139 views Asked by At

let voice = null;
function updateVoice() {
  voice = speechSynthesis.getVoices().find(voice => voice.lang == 'zh-CN')
  document.getElementById('voice_name').textContent = voice?.name ?? '(No Voice)';
}
speechSynthesis.addEventListener('voiceschanged', updateVoice);
updateVoice()
const speak = document.getElementById('speak');
const text = document.getElementById('text');
speak.addEventListener('click', () => {
  const ssu = new SpeechSynthesisUtterance(text.value);
  ssu.voice = voice;
  ssu.lang = 'zh-CN';
  ssu.addEventListener('start', e => console.log('start', e));
  ssu.addEventListener('end', e => console.log('end', e));
  ssu.addEventListener('error', e => console.log('error', e));
  speechSynthesis.speak(ssu);
});
<textarea id="text">“你好”</textarea>
<div id="voice_name"></div>
<button type="button" id="speak">
Speak
</button>

My PWA using Speech Synthesis API simpliy works on Safari iOS 16.5 but it just failed after I upgraded my device to iOS 17. Codes are shown above.
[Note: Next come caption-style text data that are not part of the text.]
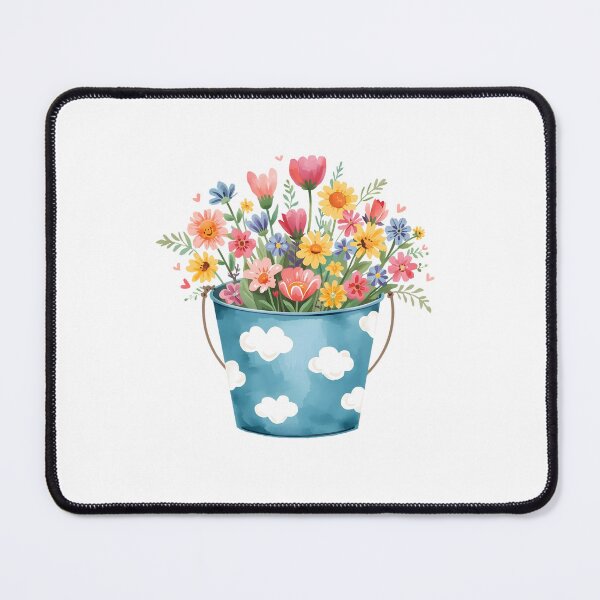 Item preview, Blue bucket of garden flower watercolor designed and sold by uunaa.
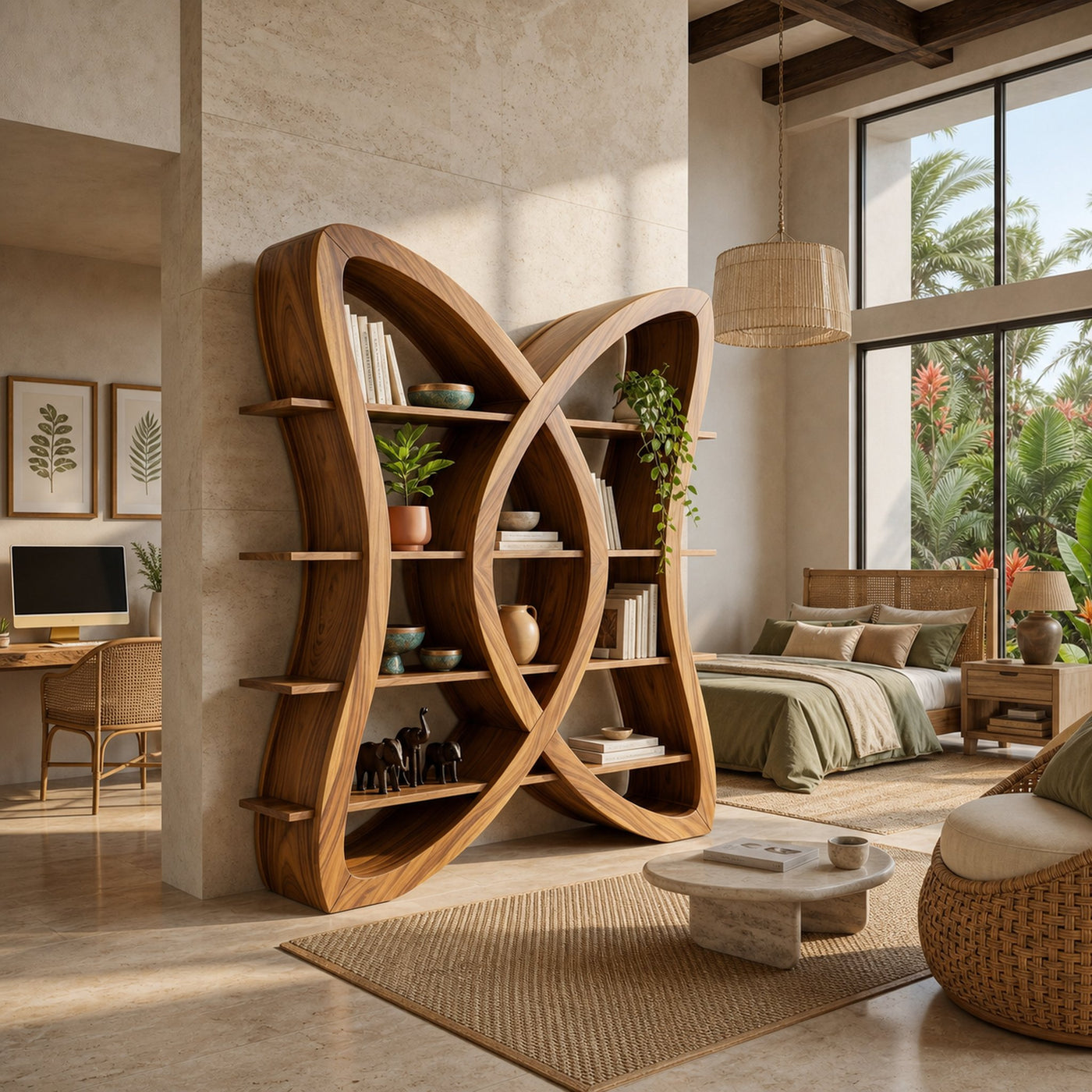 Butterfly Inspired Wooden Bookcase In Organic Style - product view 6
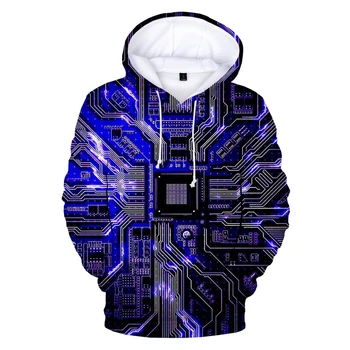 Нов електронен чип, мъжки блузи с 3D принтом на печатна платка, блузи с качулка, мъжки дамски модни и ежедневни забавно hoody с качулка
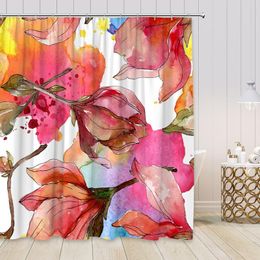 Shower Curtains Spring Watercolour Floral Set Red Flowers Green Leaves Modern Bathroom Decor Polyester Fabric Curtain With Hooks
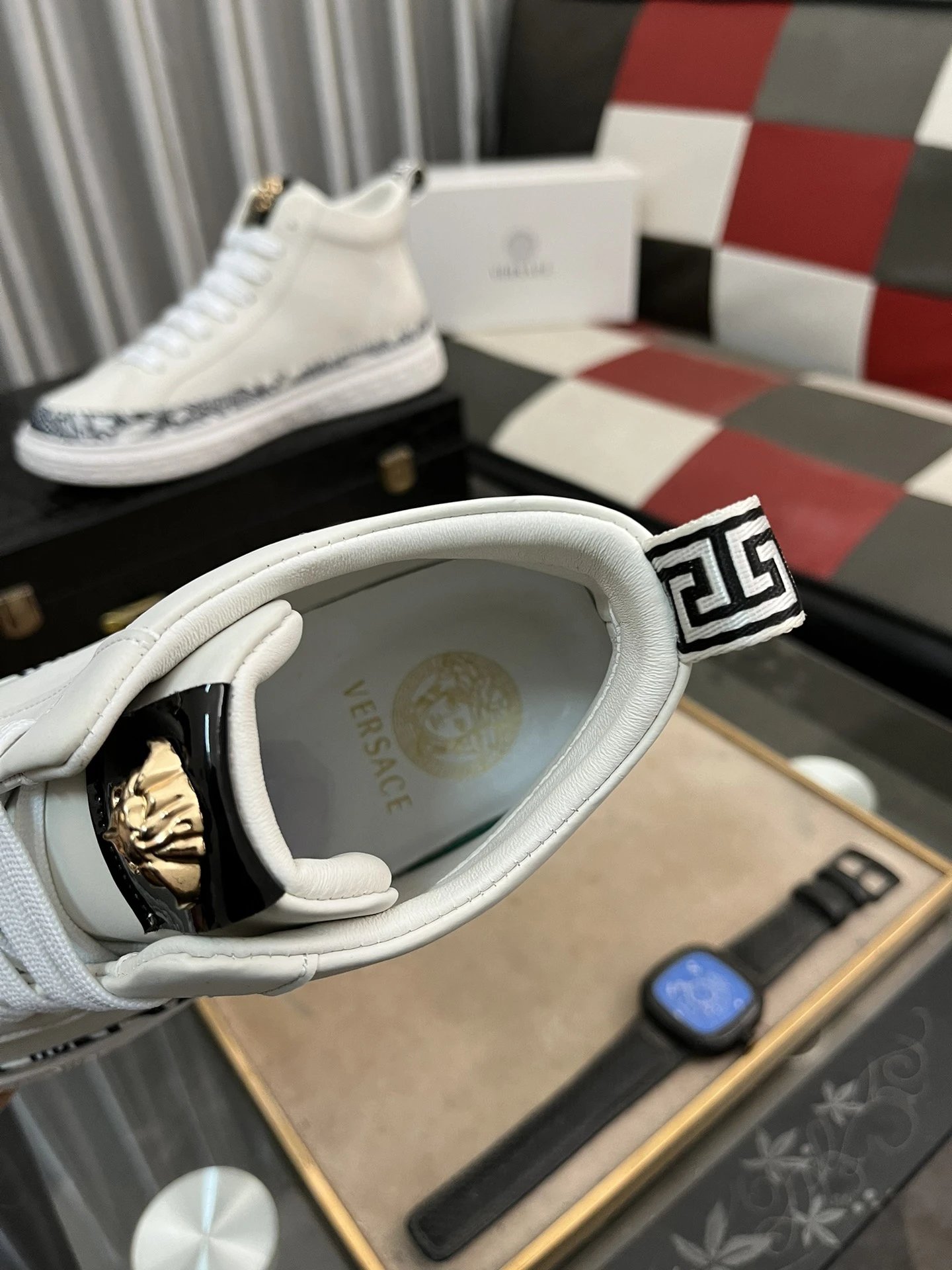 Men's High Top Leather Sneakers White - Gallery Image 8 - Detailed View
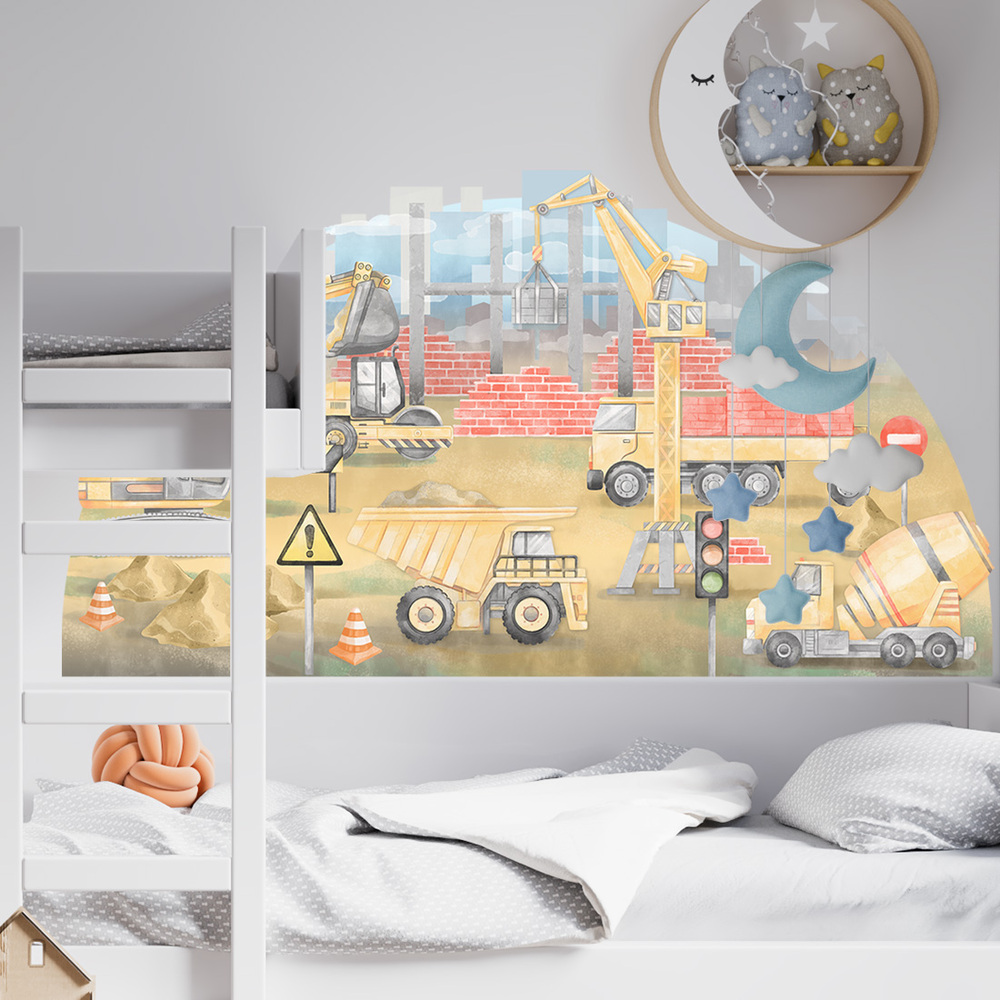 gelbe Baustelle Wandtattoo über Bett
When running on my iPhone SE2 with iOS 17, trying to speak “你好” (你好 with CJK quotes “”) results nothing happened. However, if you remove the quotes and leave only 你好 in the textarea, and click the Speak button again, it would work as expected. I'm not sure what I can do to get ride of this problem. So could anyone help me find a work around here?

1

There are 1 answers

0
tsh On

As the text to speak is given by user which is out of my control. I cannot avoid the quote in the text. After some try and error. The best workaround I got so far is:

  • Append “”。 on each text for ssu

It could be tricky but however works.

const extraSuffix = '“”。';

let voice = null;
function updateVoice() {
  voice = speechSynthesis.getVoices().find(voice => voice.lang == 'zh-CN')
  document.getElementById('voice_name').textContent = voice?.name ?? '(No Voice)';
}
speechSynthesis.addEventListener('voiceschanged', updateVoice);
updateVoice()
const speak = document.getElementById('speak');
const text = document.getElementById('text');
speak.addEventListener('click', () => {
  const ssu = new SpeechSynthesisUtterance(text.value + extraSuffix);
  ssu.voice = voice;
  ssu.lang = 'zh-CN';
  ssu.addEventListener('start', e => console.log('start', e));
  ssu.addEventListener('end', e => console.log('end', e));
  ssu.addEventListener('error', e => console.log('error', e));
  speechSynthesis.speak(ssu);
});
<textarea id="text">“你好”</textarea>
<div id="voice_name"></div>
<button type="button" id="speak">
Speak
</button>

I find out that if I append a at the end of text, the speech synthesis works again. However, 怎么? and 怎么?。 would have different tune, which is not what I want. But 怎么?“”。 works fine. That's why it use such strange suffix.